‘Animals Are Beautiful People’ is a humorous 1974 Golden Globe Award-winning documentary, directed and written by Jamie Uys, about the wildlife of various arid desert environments in Southern Africa. Filmed in the Namib Desert, the Kalahari Desert and the Okavango Delta, a soft-spoken narrator weaves whimsical tales over superb footage of animals and birds behaving oddly. Some scenes portray elephants, ostriches, warthogs and monkeys becoming intoxicated from eating fermented fruit of the marula tree. Their antics are hilarious until you start to question the authenticity of such documentaries.
Enshrined in local lore for generations and popularised by Uys’s documentary, the myth of drunken elephants has since been debunked by scientific research, prompting the suggestion that the scenes in the film were, in all probability, staged. According to a 2006 study in Physiological and Biochemical Zoology cited in Smithsonian Magazine, elephants may have a taste for alcohol, but they don’t eat the rotten fruit off the ground. They eat the fresh fruit right off the tree. As Steve Morris, a biologist at the University of Bristol and lead author of the study, asserts: “This a largely self-evident fact, since elephants will even push over trees to get the fruit off the tree, even when rotten fruit is on the ground.” He says anecdotes of elephants found drunk in the wild go back more than a century. “There are travellers’ tales from about 1839 reporting Zulu accounts that ‘elephants gently warm their brains with fermented fruits'” he said. “But there is nothing in the biology of either the African elephant or the marula fruit to support the stories… People just want to believe in drunken elephants.”

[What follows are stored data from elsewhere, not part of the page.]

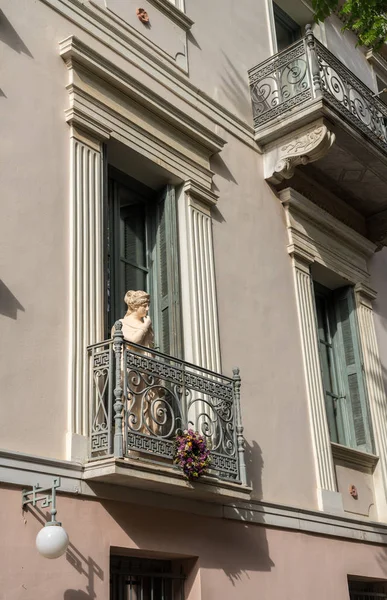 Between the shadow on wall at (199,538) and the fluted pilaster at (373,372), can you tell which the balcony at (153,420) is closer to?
the shadow on wall at (199,538)

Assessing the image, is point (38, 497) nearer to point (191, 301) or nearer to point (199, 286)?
point (191, 301)

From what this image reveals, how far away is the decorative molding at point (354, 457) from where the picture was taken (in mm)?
10562

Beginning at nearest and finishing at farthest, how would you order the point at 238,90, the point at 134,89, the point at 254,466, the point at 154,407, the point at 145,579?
the point at 154,407 < the point at 145,579 < the point at 134,89 < the point at 254,466 < the point at 238,90

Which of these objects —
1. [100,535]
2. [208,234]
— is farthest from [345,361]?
[100,535]

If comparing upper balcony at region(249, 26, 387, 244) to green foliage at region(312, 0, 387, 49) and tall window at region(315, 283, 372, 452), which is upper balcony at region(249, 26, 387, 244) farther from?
tall window at region(315, 283, 372, 452)

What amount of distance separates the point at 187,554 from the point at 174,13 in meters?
6.16

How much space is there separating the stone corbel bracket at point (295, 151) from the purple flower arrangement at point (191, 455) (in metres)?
4.46

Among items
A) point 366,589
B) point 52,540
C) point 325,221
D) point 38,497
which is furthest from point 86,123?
point 366,589

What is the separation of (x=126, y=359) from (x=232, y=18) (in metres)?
6.22

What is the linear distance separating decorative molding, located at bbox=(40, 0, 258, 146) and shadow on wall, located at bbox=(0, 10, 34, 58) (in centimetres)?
68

The marula tree, a member of the same family as the mango, grows widely in Africa. Its sweet yellow fruit is used for making jam, wine, beer, and a liqueur called Amarula. Michelle Gadd, an African wildlife specialist with the U.S. Fish and Wildlife Service, says that elephants and many other species are too fond of marula fruit to let it rot. “Elephants regularly visit and revisit the same marula trees, checking the fruits and the bark for palatability and devour the fruits when they are ripe,” she explains.
Furthermore, the fresh fruit simply doesn’t spend enough time in the elephant’s stomach to ferment and produce alcohol there. Scientists have calculated that even if an elephant did eat the rotten fruit, it would have to eat 1400 pieces of exceptionally fermented fruit to get drunk. The amount of water consumed by elephants each day would also dilute the intoxicating effect of the fruit. Food takes between 12 and 46 hours to pass through an elephant’s digestive system, which is not enough time for the fruit to ferment. According to the 2006 study, sugars within the diet are metabolised to volatile fatty acids, making them unavailable to fermentation. In other words, the sugars are turned into fat before they can ferment into alcohol.

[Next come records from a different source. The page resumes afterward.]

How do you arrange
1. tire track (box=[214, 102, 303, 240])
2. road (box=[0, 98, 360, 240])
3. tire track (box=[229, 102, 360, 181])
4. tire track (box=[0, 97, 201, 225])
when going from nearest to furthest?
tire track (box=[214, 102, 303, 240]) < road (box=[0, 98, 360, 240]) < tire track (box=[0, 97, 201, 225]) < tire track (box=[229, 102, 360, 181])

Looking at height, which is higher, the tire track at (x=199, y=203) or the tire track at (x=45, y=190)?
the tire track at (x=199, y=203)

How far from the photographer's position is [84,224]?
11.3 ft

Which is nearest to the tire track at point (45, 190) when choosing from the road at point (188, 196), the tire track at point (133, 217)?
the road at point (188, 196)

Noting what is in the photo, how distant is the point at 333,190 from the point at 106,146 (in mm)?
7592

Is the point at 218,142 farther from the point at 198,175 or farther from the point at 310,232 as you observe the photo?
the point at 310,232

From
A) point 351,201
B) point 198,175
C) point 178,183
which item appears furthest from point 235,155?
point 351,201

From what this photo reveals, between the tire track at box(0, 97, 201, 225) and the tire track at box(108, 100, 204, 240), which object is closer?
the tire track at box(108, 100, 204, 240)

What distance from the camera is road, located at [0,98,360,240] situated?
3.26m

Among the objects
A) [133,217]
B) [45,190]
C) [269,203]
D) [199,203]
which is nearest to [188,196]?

It makes for a thoroughly entertaining movie, but the science suggests the image of a drunken elephant sitting under a marula tree is the stuff of legend and myth. As for Uys’s footage, the likelihood is that the filmmakers had soaked the elephants’ food with alcohol (or had tranquilized the animals) and filmed the consequences. If this were ever proven to be true, it would be just another scandalous example of the sensationalism and fabrication that has persistently undermined the wildlife film-making industry.